[Data shown]

-- Opening Marker --

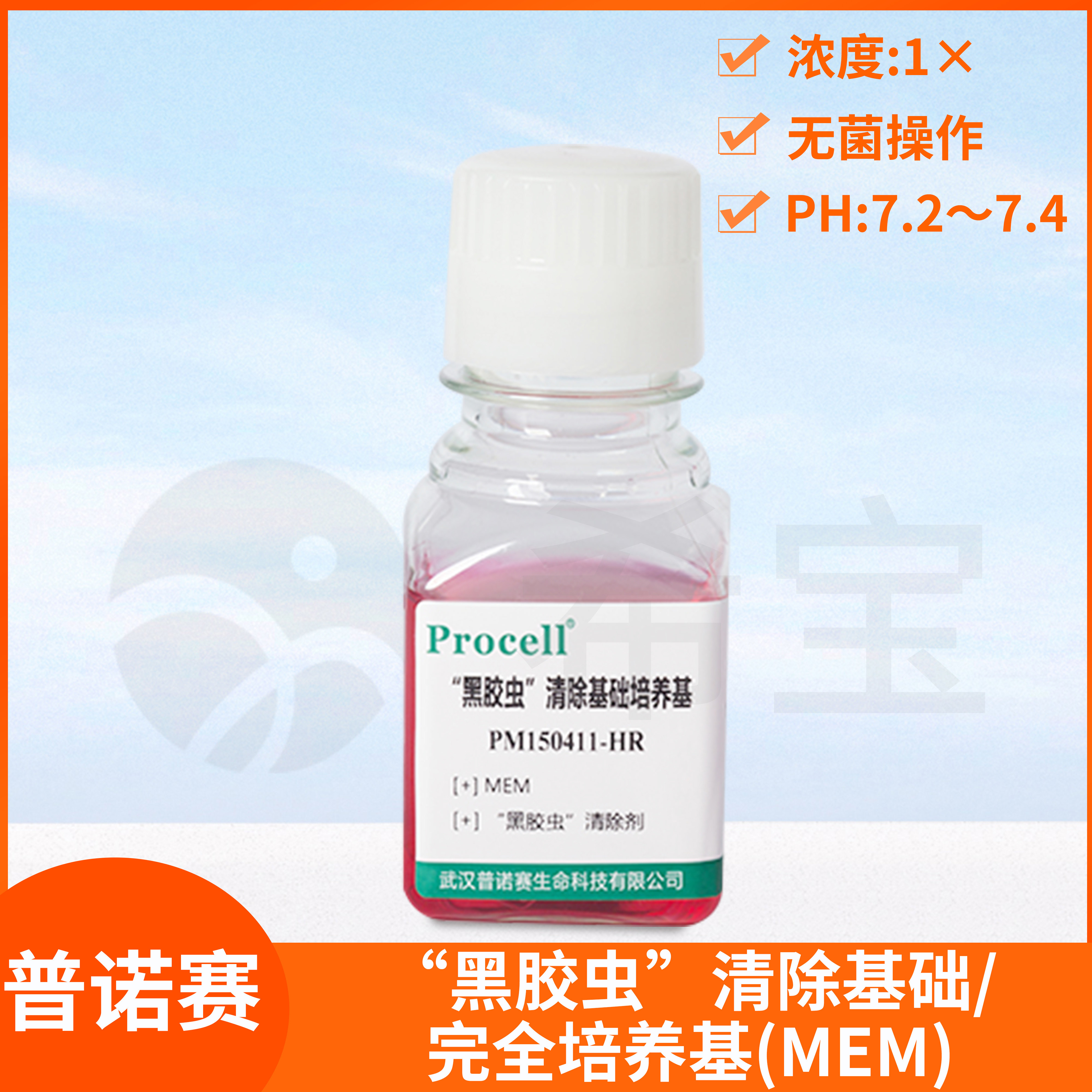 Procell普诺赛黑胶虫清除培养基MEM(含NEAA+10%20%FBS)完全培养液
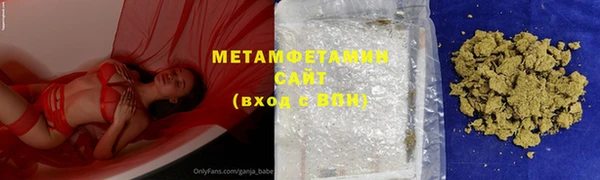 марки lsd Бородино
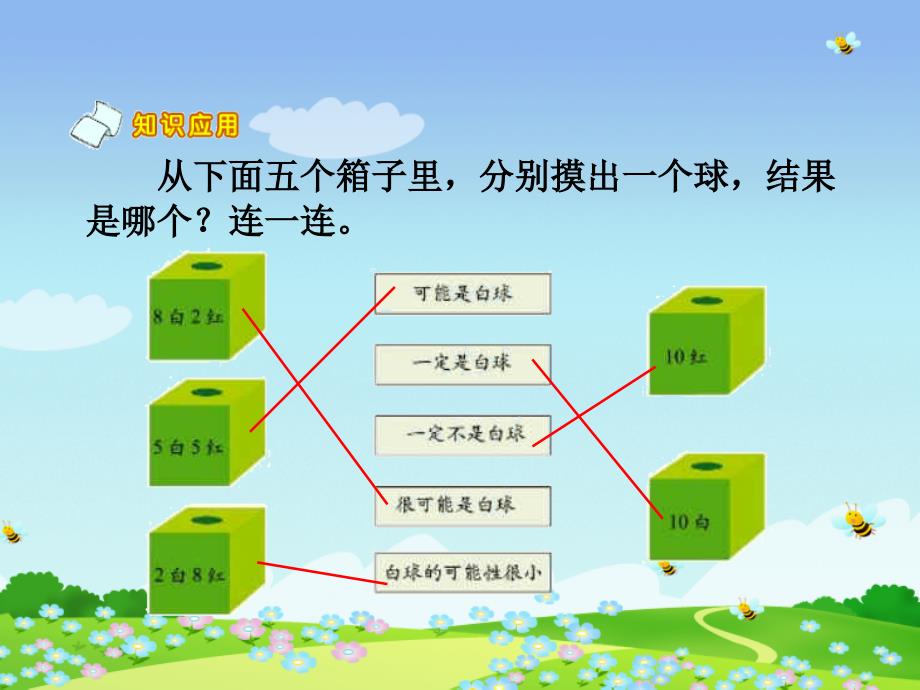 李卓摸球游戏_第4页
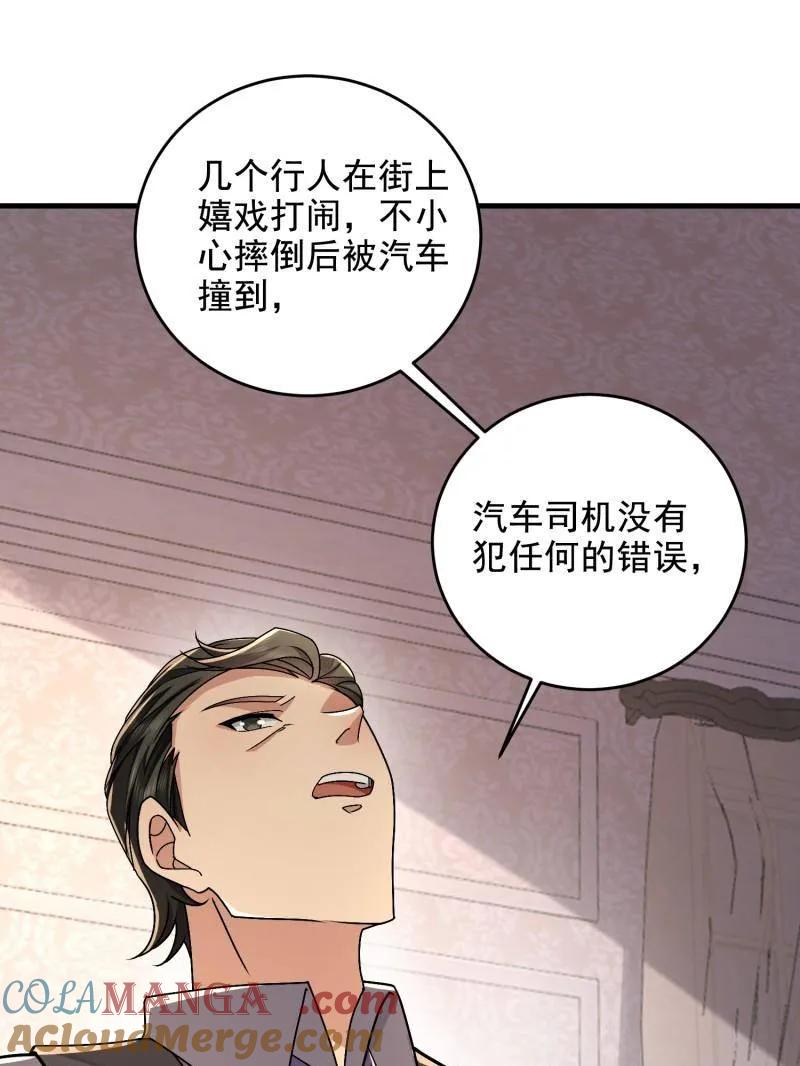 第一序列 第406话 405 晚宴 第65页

-- Closing Marker --
-- Opening Marker --

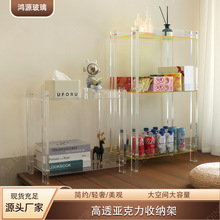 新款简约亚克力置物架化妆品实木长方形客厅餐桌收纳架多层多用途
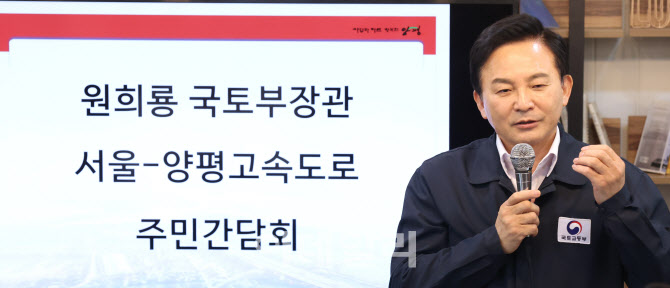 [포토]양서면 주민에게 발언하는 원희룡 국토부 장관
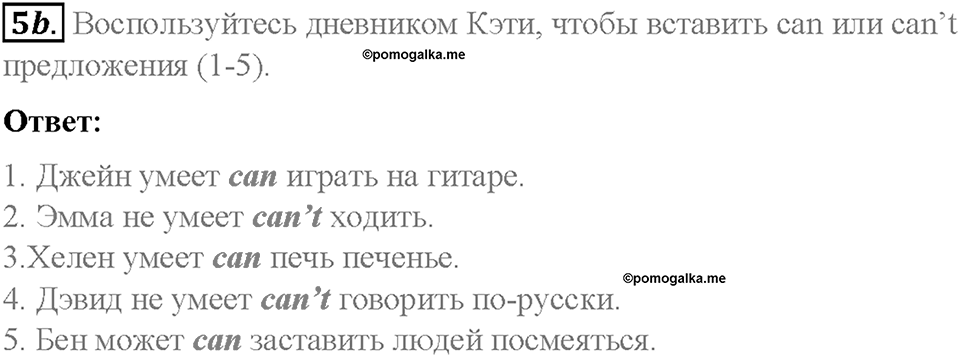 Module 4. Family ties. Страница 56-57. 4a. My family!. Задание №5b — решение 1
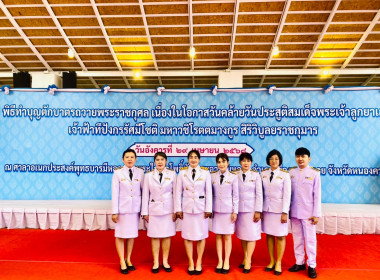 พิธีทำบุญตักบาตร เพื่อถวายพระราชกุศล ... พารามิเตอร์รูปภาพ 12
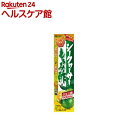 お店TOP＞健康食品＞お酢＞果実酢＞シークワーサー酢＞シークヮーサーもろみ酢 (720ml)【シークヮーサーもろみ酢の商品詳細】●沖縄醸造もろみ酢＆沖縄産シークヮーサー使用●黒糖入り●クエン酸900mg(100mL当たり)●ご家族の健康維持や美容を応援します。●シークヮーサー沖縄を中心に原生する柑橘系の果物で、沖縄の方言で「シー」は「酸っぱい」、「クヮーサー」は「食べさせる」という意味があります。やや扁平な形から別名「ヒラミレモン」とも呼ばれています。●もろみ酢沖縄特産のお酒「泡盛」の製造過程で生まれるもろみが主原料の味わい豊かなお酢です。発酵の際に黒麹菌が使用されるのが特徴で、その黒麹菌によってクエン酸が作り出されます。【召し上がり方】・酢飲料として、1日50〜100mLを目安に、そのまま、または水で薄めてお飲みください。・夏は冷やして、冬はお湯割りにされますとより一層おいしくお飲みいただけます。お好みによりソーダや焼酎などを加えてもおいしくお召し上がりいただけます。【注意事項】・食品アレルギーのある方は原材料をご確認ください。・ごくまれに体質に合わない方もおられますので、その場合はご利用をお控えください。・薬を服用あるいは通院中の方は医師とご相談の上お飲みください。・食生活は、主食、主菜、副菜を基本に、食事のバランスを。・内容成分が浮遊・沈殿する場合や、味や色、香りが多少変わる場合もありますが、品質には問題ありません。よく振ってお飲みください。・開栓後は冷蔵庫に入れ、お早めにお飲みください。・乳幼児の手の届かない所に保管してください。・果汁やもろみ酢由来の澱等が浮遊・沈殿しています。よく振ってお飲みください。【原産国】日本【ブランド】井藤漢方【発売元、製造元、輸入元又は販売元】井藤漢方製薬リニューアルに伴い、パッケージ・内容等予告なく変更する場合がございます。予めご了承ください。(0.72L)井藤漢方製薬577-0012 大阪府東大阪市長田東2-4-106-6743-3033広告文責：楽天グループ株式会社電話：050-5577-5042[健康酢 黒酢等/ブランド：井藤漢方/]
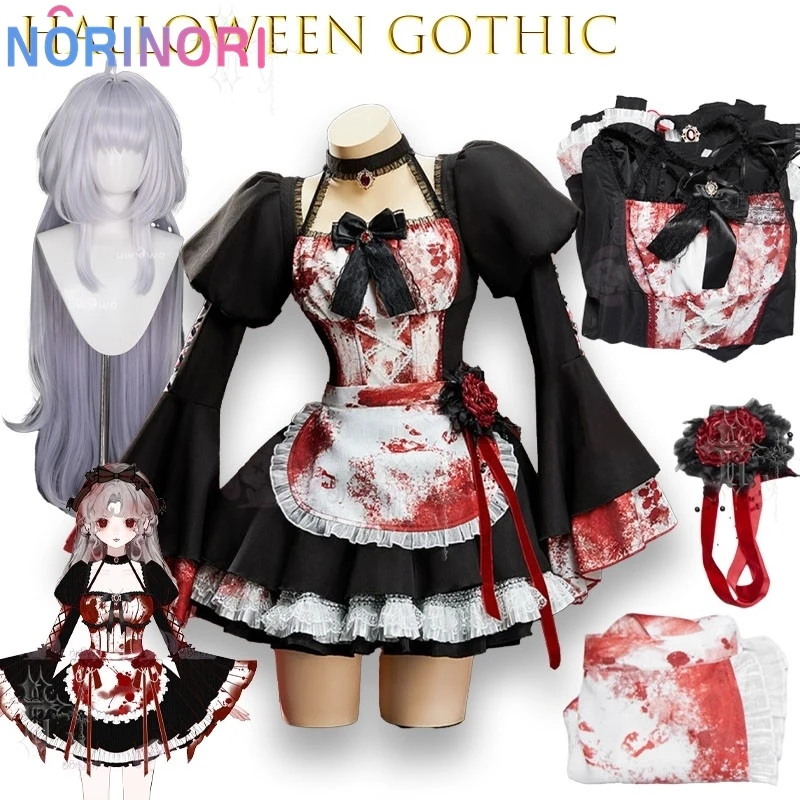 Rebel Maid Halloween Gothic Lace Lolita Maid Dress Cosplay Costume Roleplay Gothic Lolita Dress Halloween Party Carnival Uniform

-- Closing Marker --
-- Opening Marker --

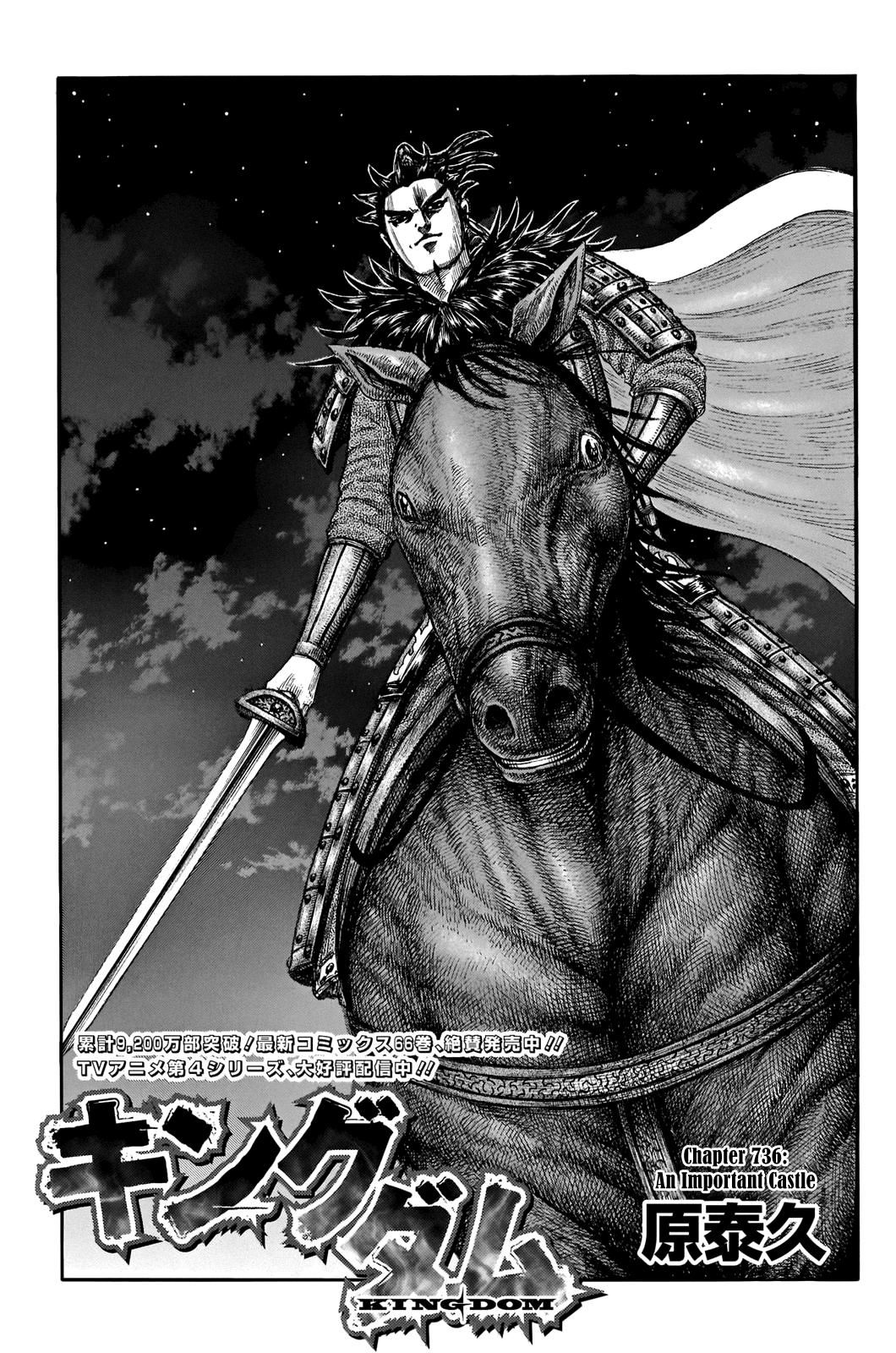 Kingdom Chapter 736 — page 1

-- Closing Marker --

[Work request] Set the pictures aside and reproduce exactly the lines above, from the line holding "Procell普诺赛黑胶虫清" through the line holding "第一序列 第406话 405 晚宴 第65页", both included, with nothing else.

[Output of the exercise]
 Procell普诺赛黑胶虫清除培养基MEM(含NEAA+10%20%FBS)完全培养液
 марки lsd Бородино
 李卓摸球游戏_第4页
 第一序列 第406话 405 晚宴 第65页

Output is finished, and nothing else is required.